Re: user-level networking Bill Frantz (frantz@netcom.com)
Sun, 23 Aug 1998 22:01:00 -0800

At 8:07 PM -0800 8/20/98, Jonathan S. Shapiro wrote:
>I think I have finally come up with a satisfactory approach to moving
>network protocol handling into user land without an undue sacrifice in
>performance.
>
>Review of the problem:
>
>The problem lies only in *reading* packets, and stems from two issues:
>
> 1. Packets must be examined to determine their recipient. This
> typically requires making a temporary copy of the data.
>
> 2. When a packet arrives, the ethernet receiver must not be stalled
> if no process chances to be waiting for a packet at that
> instant. Between the cost of packet processing and the ever
> increasing incidence of back-to-back packets, there is a real
> need for the ethernet system to be able to grab packet receipt
> buffers quickly.
>
>We would like a solution that:
>
> + does not make redundant copies in the face of protection boundary
> crossings
> + does not cause clogs in the input FIFOs (problem 2 above).
> + requires the receiving application to pay for the packet storage.
>
>It just occurred to me that memory is getting much cheaper, given
>which the following solution seems doable:
>
>Classify packets into two types -- big and small.
>
>Small packets are <= XX (probably 128) bytes, and are collected into a
>network-specific small packet pool.
>
>Large packets are anything larger than XX bytes. When a large packet
>arrives, a new core page frame is allocated and the large packet is
>read into that page frame.
>
>An in-kernel packet classifier is now run. The output of the
>classifier is a tag corresponding to the packet fetch capability that
>can fetch this packet. The page frame is tagged with this value and
>stuck in a hash chain or some such thing. There is a distinguished
>tag value (probably zero) meaning ``not interested.''
>
>When a program wishes to receive packet(s), it must first establish a
>packet filter in the style of DPF. In exchange, it receives a
>capability that will let it read packets matching the pattern.
>
>Packet receive keys do not survive restart -- the input filter must be
>reestablished. Tag values are large (say: 64 bits), allowing them to
>be allocated without rollover within the expected service life of the
>CPU silicon.
>
>Using this key, the program can say ``fetch me a packet.'' To do so,
>it provides *two* data addresses:
>
> 1. An address into which small packets will be copied.
> 2. A valid page-aligned address for a large packet frame.
>
>In the large packet case, the packet is transferred by dorking the
>page table entries and shooting down the supplied virtual address in
>the TLB, reclaiming the in-core page frame for the page that the user
>specified.
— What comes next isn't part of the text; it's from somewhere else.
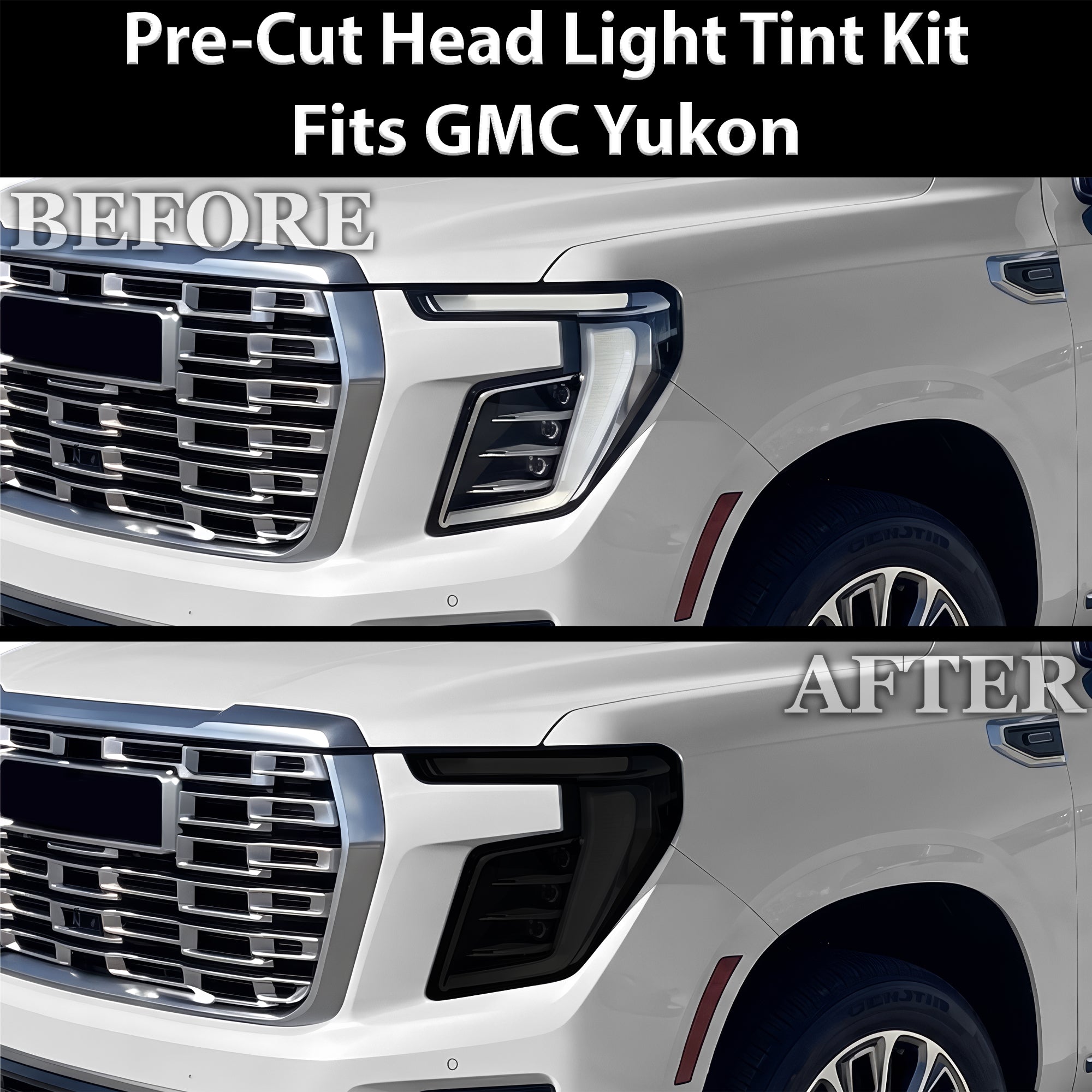 Fits GMC Yukon 2025-2027 Full Headlight Taillight Precut Smoked PPF Tint Kit Film Overlay  - Bogar Tech Designs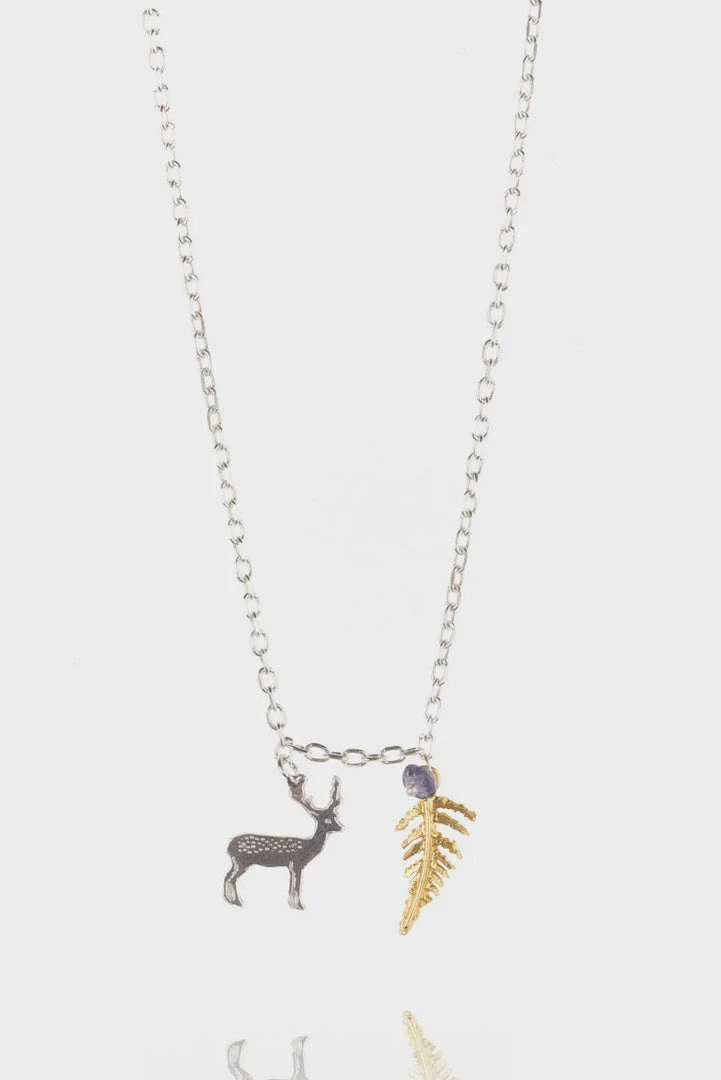 Hot Sale ⌛ Amanda Coleman New Small Stag And Fern Pendant Necklace ✨ 1 Amanda Coleman New Small Stag And Fern Pendant Necklace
The packet is therefore moved with no copies, and the user
>application pays for the storage. (SmallTalk people: think
>``become''). In essence, the user-supplied page is swapped with the
>previously allocated driver page, conserving storage on both sides of
>the exchange.
>
>Reactions?
>
>shap

I like the general direction. However, the user should specify (1) an address for the small packets (as a receive byte string), and (2) a read-write page key for the magic data swap. The return code will tell where the data is.

If the interface is designed this way, the operation is within the existing model, and can be emulated for testing etc. Once you have all the authorities passed in the stand manner, anything magic the kernel does is optimization, security reasoning can proceed as if it is another domain operating the network, not special magic in the kernel.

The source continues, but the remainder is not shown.